Контрабасист Китагава перебрался в Нью-Йорк из Японии полтора десятилетия назад, но до сих пор чувствует себя частью японской сцены – в частности, лучшие его записи сделаны с японским пианистом Макото Одзонэ. Но уровень, которого он достиг в Америке, впечатляет – записи и гастроли с саксофонистом Кенни Гарреттом, выступления с тромбонистом Стивом Турре, квартетом ветерана-саксофониста Джимми Хита, а в последние годы – регулярные гастроли с Кенни Барроном. Игра Китагавы, с его жёстким звуком, в котором из трёх составляющих контрабасового звучания – «дерева», «струн» и «пальцев» – ощутимо преобладают довольно шумные «пальцы», а строй контрабаса довольно ощутимо качается в верхней части диапазона, весьма напоминает звучание Рона Картера, только сказочной картеровской беглости не хватает.

Сам лидер бесподобен. Точен, изящен, совершенен в логике развития импровизации и построении аккомпанемента, еле заметными штрихами уверенно направляет игру ритм-секции (и даже их соло). В его игре нет ни огромных динамических перепадов, как у его земляка-филадельфийца Маккоя Тайнера (влияние которого на себя Баррон охотно признаёт), ни жёсткости и математичности Хэрби Хэнкока – Баррон есть Баррон: он динамически свободен, но не стремится к крайностям; он может играть жёстко, но предпочитает ровную мягкость; он идеальный математик как в ладовом развитии, так и в гармонических построениях, но никогда не упускает из вида (и не скрывает), что за этой математикой стоят человеческие эмоции – пусть сдержанные, мягкие, как бы подёрнутые дымкой. Но при этом в его игре слышен опыт и Тайнера, и Хэнкока, с которыми Баррон принадлежит к одному поколению (в то время, когда юный Кенни играл у Диззи Гиллеспи, молодой Маккой работал у Джона Колтрейна, а дебютант Хэрби пришёл к Майлсу Дэйвису).

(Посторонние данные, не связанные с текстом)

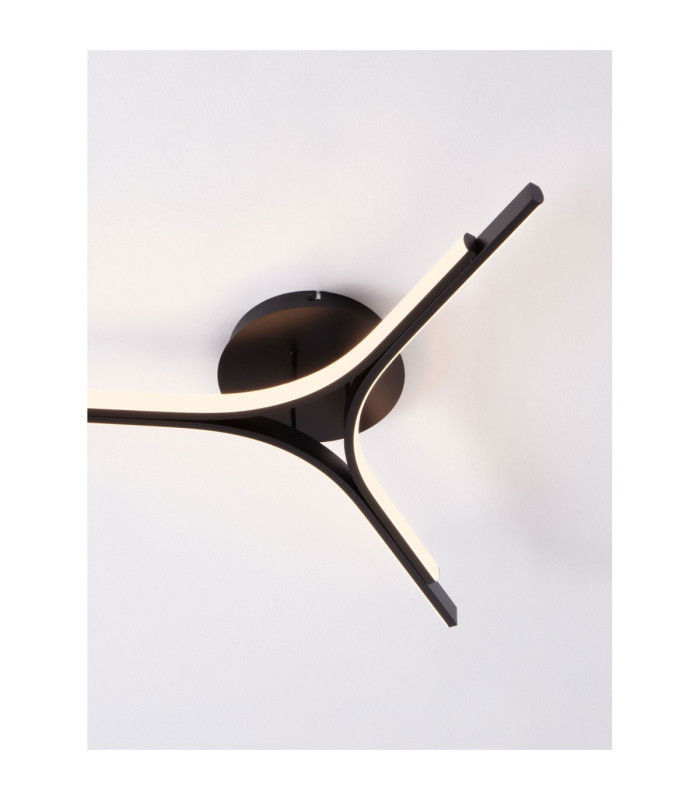Nue Integrated LED Semi Flush Ceiling Light Matt Black Triac Dimmable LED 29W 1833lm 3000K-6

Кенни Баррон и начал концерт с темы Хэрби Хэнкока с парадоксальным дзэнским названием «One Finger Snap», «Щелчок одним пальцем». Зато дальше последовали одно за другим два оригинальных сочинения самого Баррона. Кубинский колорит окрасил музыку трио, когда в интродукции к джаз-вальсу «Lullaby» Франсиско Мела выразительно загремел ожерельем из бубенцов, висящим у него на шее. Внутри трёхдольного метра этой пьесы фортепиано и барабаны – при инициативе, конечно же, барабанов – развивают очень свободные полиритмические эпизоды, в которых барабаны то и дело предлагают как-то по-новому поделить такт, а фортепиано их в этом с непринуждённой лёгкостью поддерживает, какие бы хитроумные способы деления такта на доли ни были предложены.